#### [WORK INSTRUCTION]
Using the data that follows, give again word for word the lines between the one holding "Hello friends, I" and the one holding "This week we're", inclusive. Omit the pictures.

#### [EXTRACTED MATERIAL]
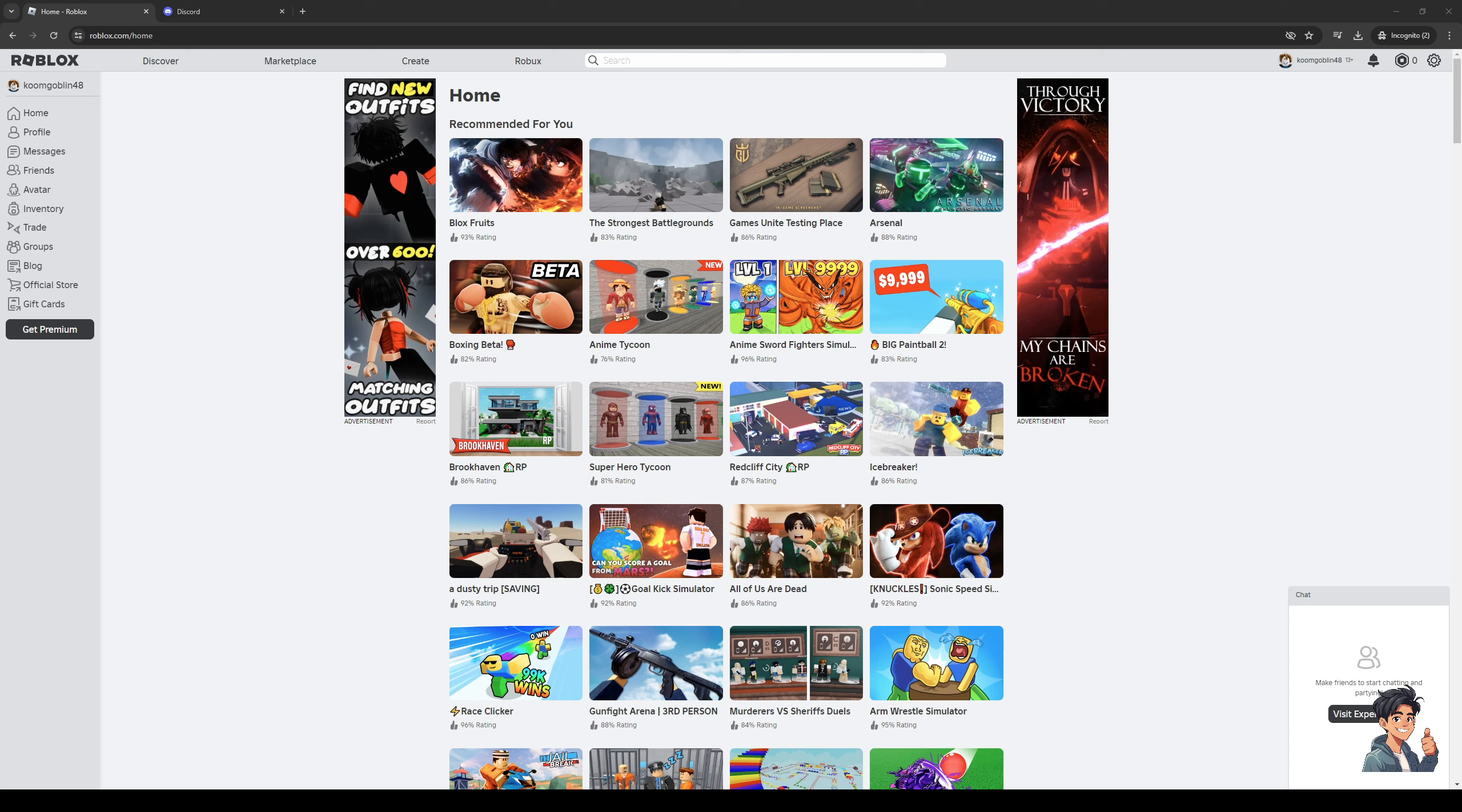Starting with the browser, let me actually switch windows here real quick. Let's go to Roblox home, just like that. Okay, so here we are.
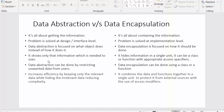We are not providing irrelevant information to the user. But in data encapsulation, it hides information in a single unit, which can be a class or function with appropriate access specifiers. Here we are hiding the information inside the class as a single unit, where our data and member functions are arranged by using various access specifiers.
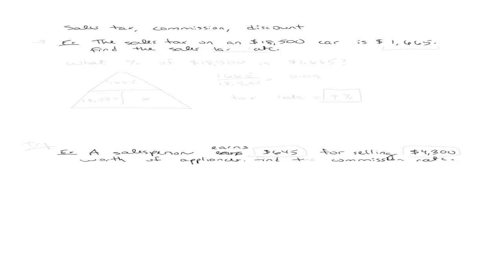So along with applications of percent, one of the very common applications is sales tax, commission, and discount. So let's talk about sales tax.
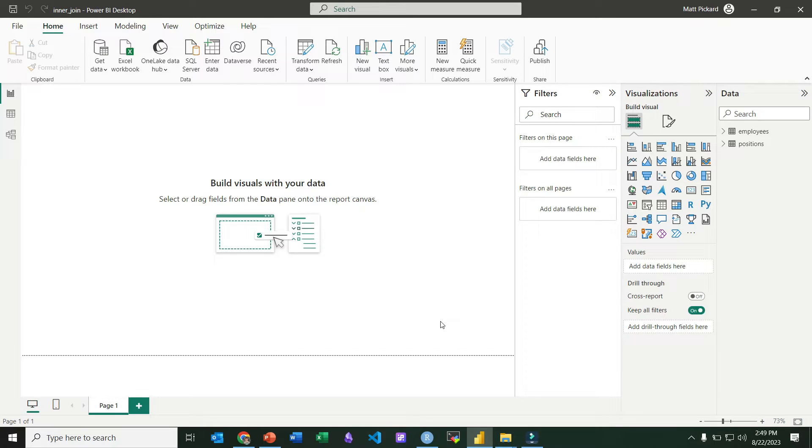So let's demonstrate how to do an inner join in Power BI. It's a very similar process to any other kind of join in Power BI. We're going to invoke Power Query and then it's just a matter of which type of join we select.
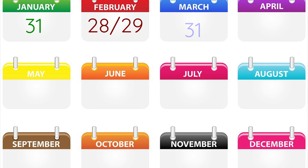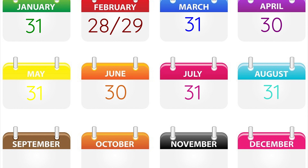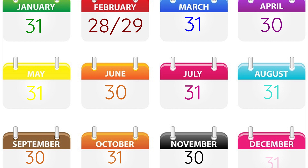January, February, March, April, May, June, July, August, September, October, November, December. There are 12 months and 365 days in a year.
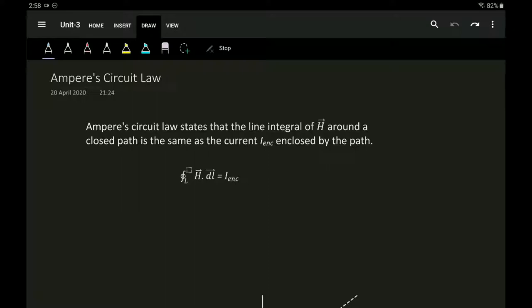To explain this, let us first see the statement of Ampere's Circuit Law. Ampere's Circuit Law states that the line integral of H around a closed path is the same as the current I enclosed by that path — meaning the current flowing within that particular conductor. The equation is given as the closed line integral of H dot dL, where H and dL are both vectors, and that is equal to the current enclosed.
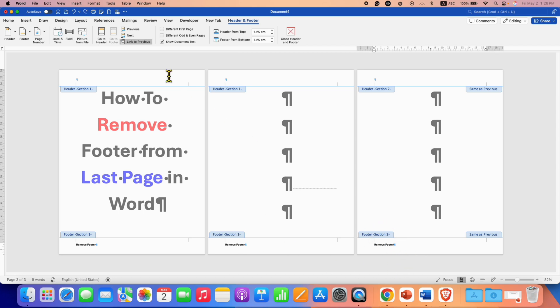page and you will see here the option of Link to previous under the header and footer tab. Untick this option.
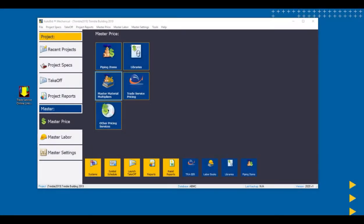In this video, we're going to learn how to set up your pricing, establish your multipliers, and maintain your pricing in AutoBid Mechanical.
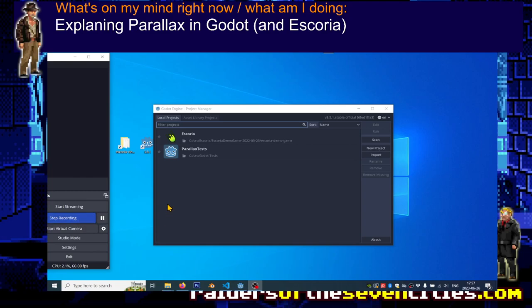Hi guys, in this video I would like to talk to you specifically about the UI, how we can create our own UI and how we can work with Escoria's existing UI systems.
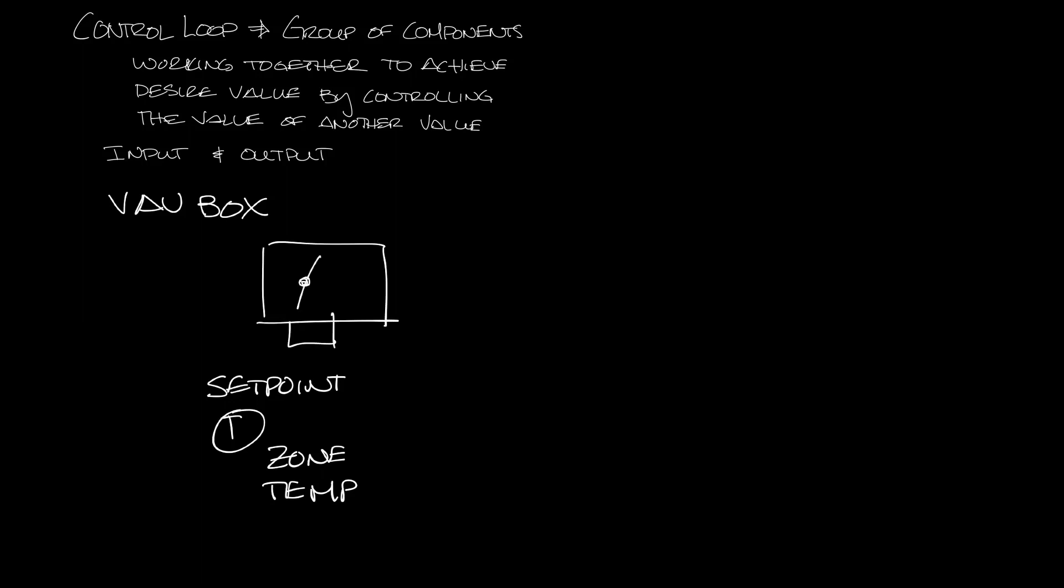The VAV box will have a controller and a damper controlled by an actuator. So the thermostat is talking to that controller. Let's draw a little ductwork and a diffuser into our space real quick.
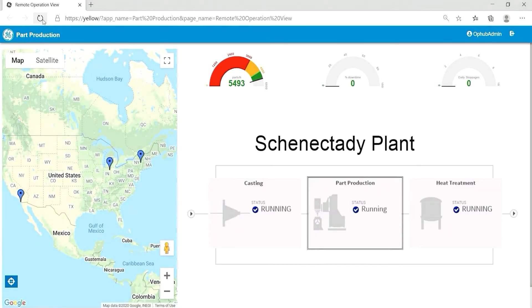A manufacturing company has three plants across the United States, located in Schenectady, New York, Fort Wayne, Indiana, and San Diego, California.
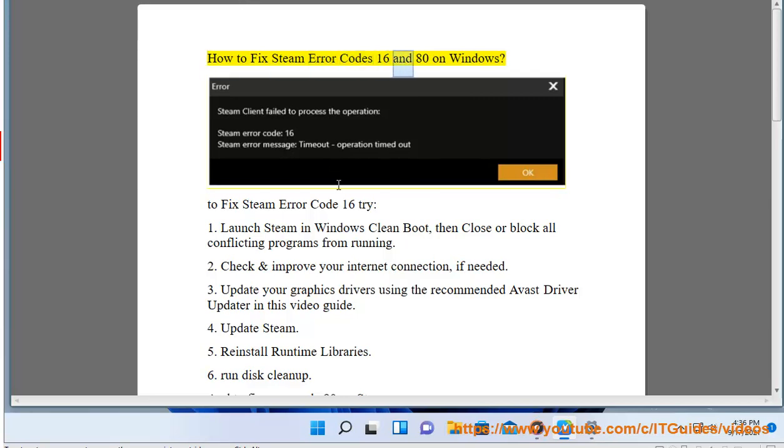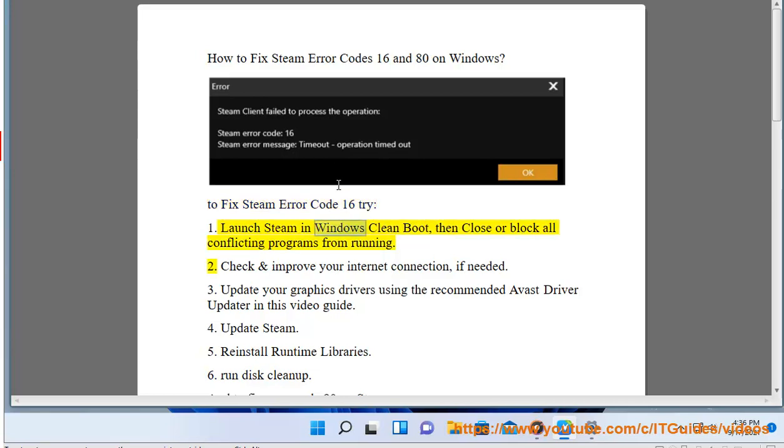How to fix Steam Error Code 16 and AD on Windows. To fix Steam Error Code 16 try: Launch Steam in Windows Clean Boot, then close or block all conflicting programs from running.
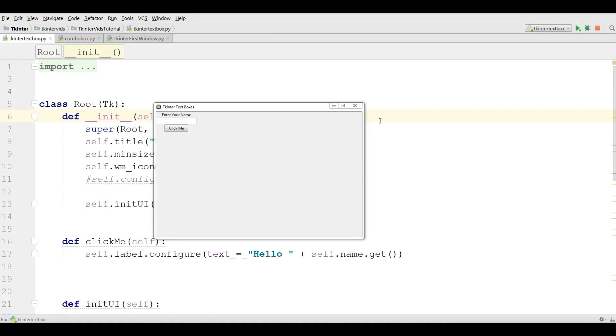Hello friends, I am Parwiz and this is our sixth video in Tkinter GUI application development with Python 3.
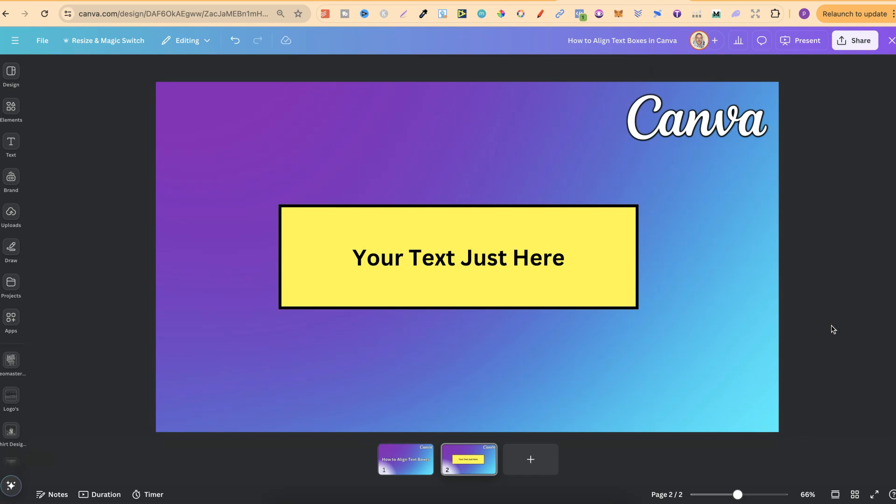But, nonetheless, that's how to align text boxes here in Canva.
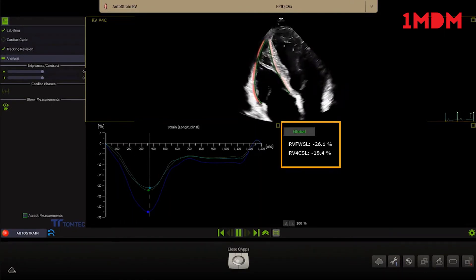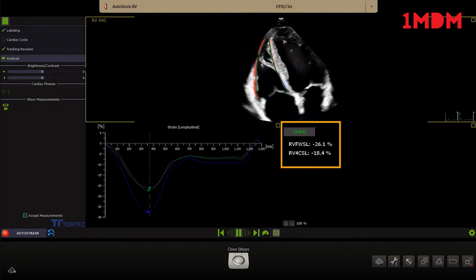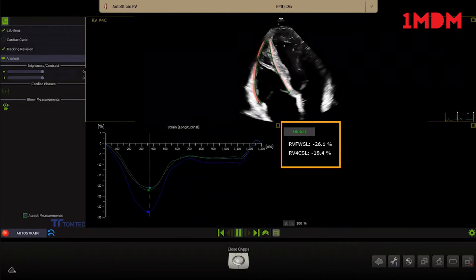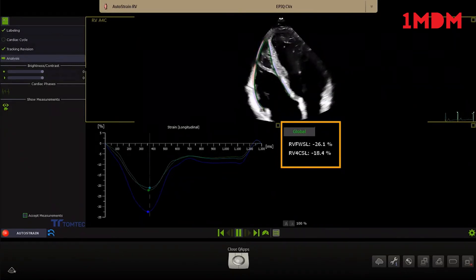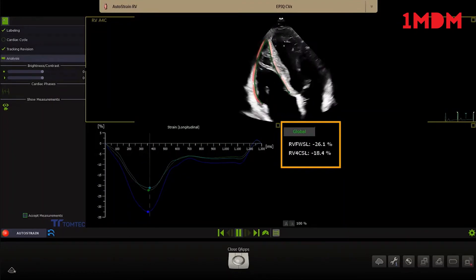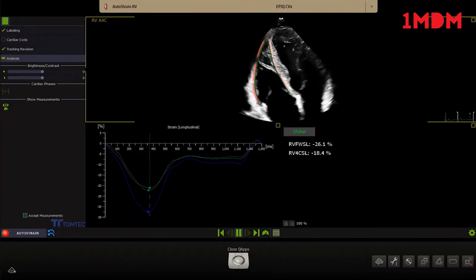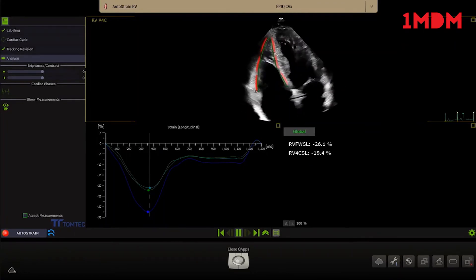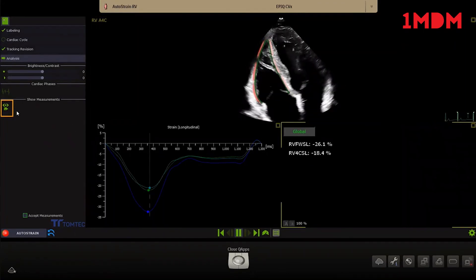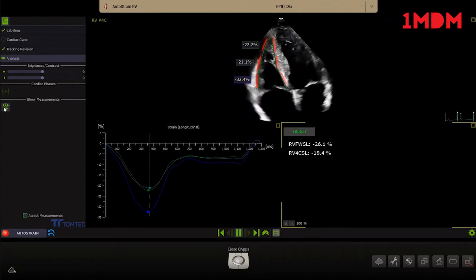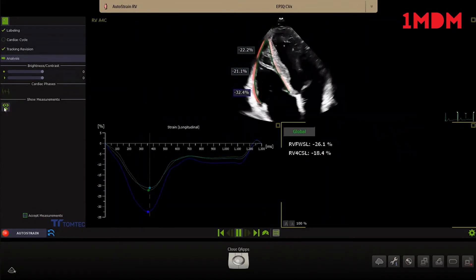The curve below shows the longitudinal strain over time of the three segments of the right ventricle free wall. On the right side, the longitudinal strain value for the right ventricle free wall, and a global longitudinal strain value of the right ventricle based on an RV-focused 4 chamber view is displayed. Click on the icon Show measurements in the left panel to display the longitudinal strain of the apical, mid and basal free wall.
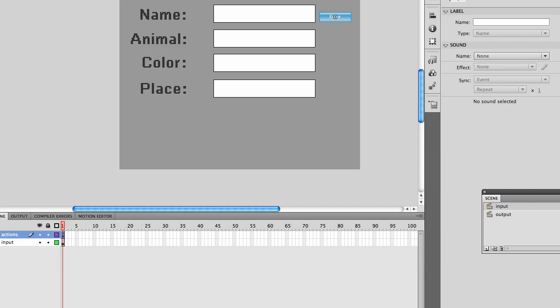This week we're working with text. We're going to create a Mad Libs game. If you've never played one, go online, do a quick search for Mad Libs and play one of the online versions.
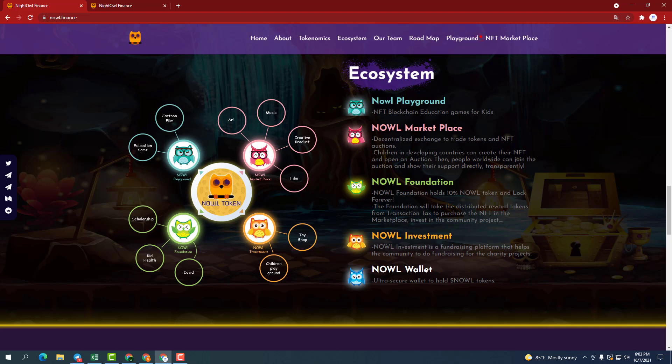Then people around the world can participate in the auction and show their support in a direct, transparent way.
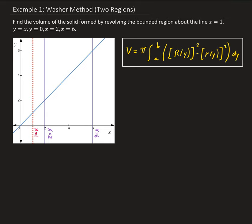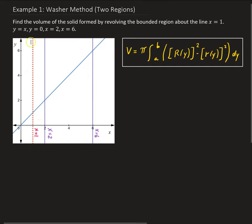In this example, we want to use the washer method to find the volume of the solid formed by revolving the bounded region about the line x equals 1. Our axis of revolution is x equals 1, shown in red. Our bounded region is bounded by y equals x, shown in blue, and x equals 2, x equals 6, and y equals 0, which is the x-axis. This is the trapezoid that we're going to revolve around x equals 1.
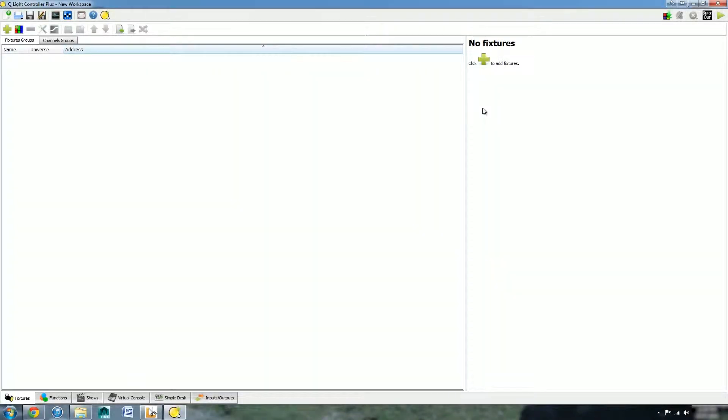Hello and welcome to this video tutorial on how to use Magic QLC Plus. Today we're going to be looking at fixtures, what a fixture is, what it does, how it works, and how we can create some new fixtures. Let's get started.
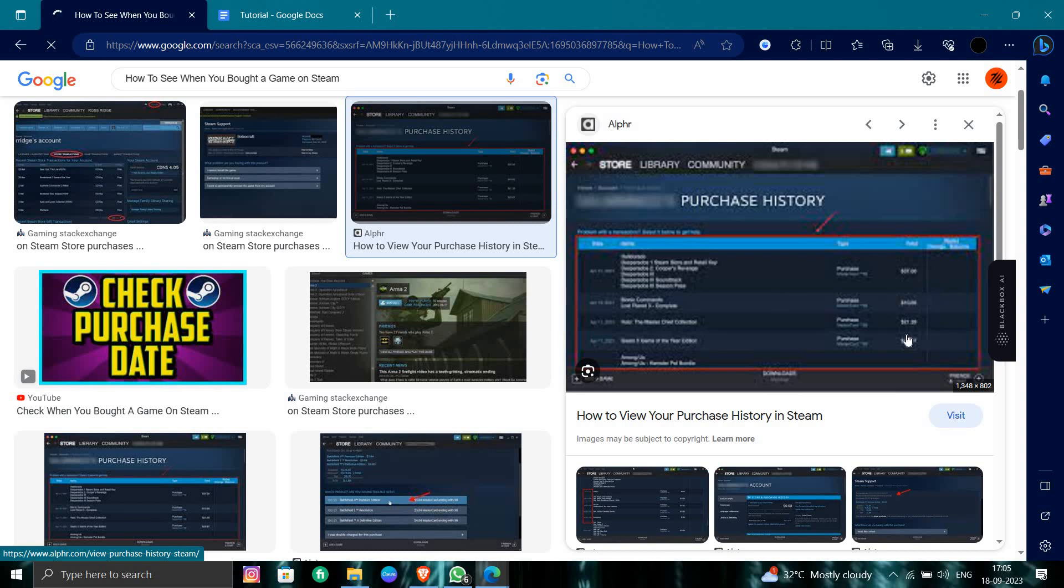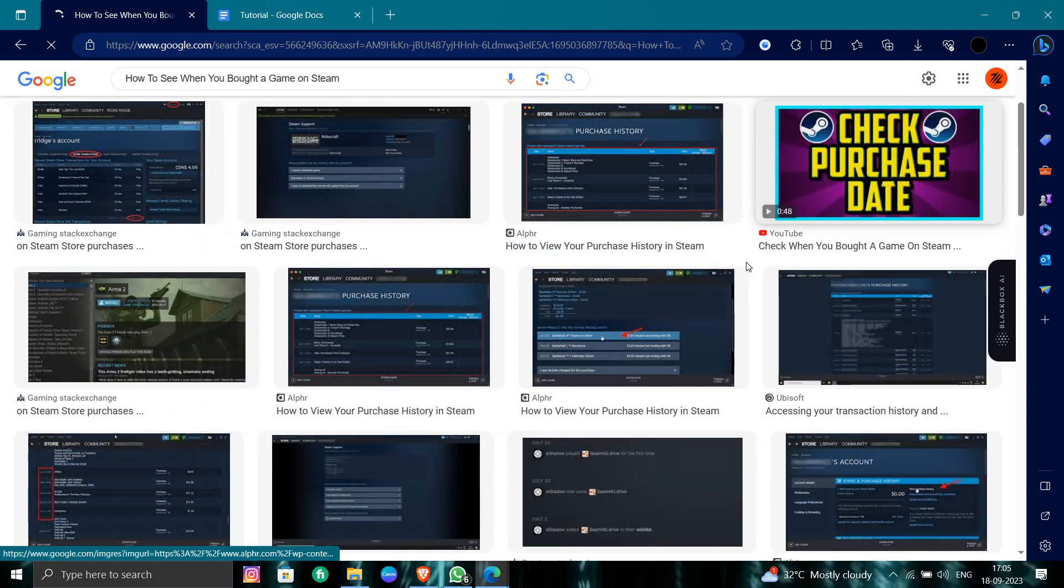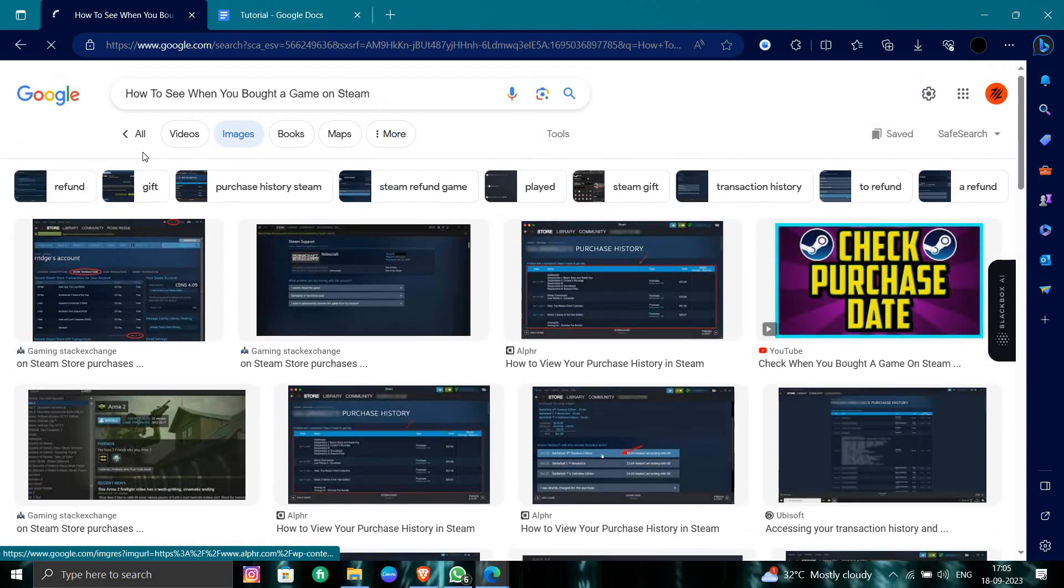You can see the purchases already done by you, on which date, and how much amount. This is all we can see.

#### [WRITTEN ANSWER]
Hello friends, I am Parwiz and this is our sixth video in Tkinter GUI application development with Python 3.
But, nonetheless, that's how to align text boxes here in Canva.
The curve below shows the longitudinal strain over time of the three segments of the right ventricle free wall. On the right side, the longitudinal strain value for the right ventricle free wall, and a global longitudinal strain value of the right ventricle based on an RV-focused 4 chamber view is displayed. Click on the icon Show measurements in the left panel to display the longitudinal strain of the apical, mid and basal free wall.
This week we're working with text. We're going to create a Mad Libs game. If you've never played one, go online, do a quick search for Mad Libs and play one of the online versions.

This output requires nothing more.